Markings on this Confederate ammunition box:96 Lbs~1000~Cart. Cal. 57-58ELONGATED BALLRichmond ArsenalAugt. 1864
Pretty much since I began this blog, I have harped on the necessity of keeping ammunition in combat packing.
Last night, I reached over during my insomniac reading period and pulled down Volume III of Douglas Southall Freeman's classic, Lee's Lieutenants. The volume fell open to this paragraph about the fighting around Culp's Hill at Gettysburg:
Despite this inequality of firepower, Confederate losses were light. Steuart had his men well in hand and he instructed them to keep under cover. When his ammunition ran low, one of his staff took three men from the ranks, walked more than a mile to the ordnance train and brought back two large boxes of cartridges to the foot of the hill.
(MBV: Likely two 1000 round crates of .58 caliber minie ball cartridges as pictured above each weighing 96 pounds.
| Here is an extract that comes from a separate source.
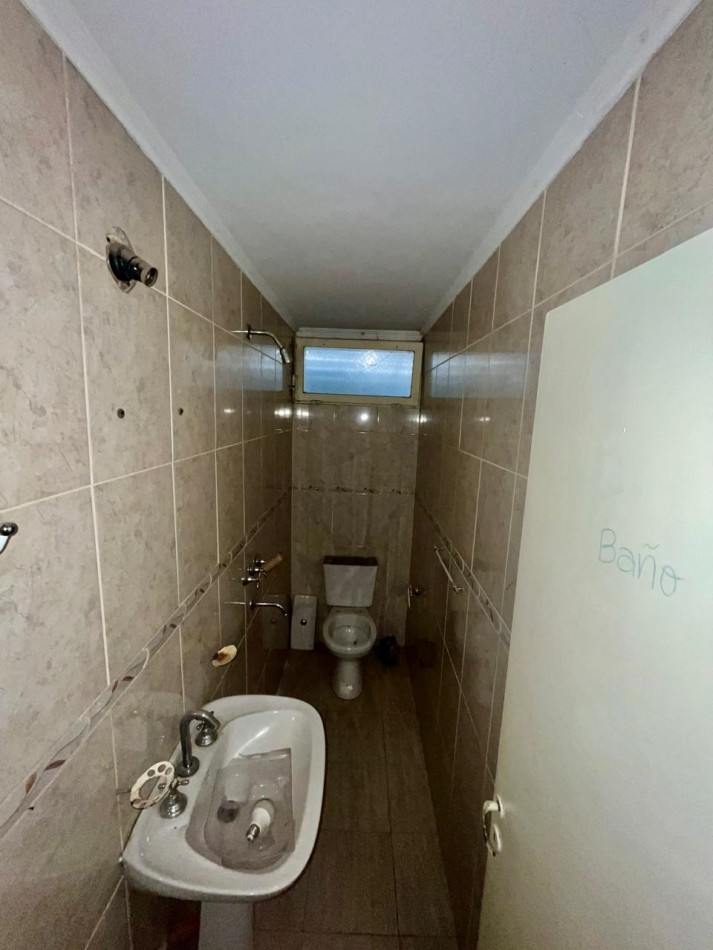 Hipolito Irigoyen 2900 / Barrio Loyola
This was heavy enough to be sure yet this wasn't much per man when distributed along the firing line. However it was likely all the four men could carry between them -- too bad they didn't have some pack mules.)
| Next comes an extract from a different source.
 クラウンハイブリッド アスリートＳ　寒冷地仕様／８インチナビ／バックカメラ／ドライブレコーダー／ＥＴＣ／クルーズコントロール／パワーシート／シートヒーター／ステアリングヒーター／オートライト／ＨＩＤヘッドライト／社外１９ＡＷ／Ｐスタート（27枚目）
There they dumped the cartridges into a blanket, slung the blanket on a sapling and mounted the hill with the sapling over their shoulders. (Page 142.)
Note that this improvisation is evidence that neither the staff nor the ordnance train officers thought ahead to supply the troops during the night the unit spent on the hill before dawn. Proper planning prevents piss-poor performance.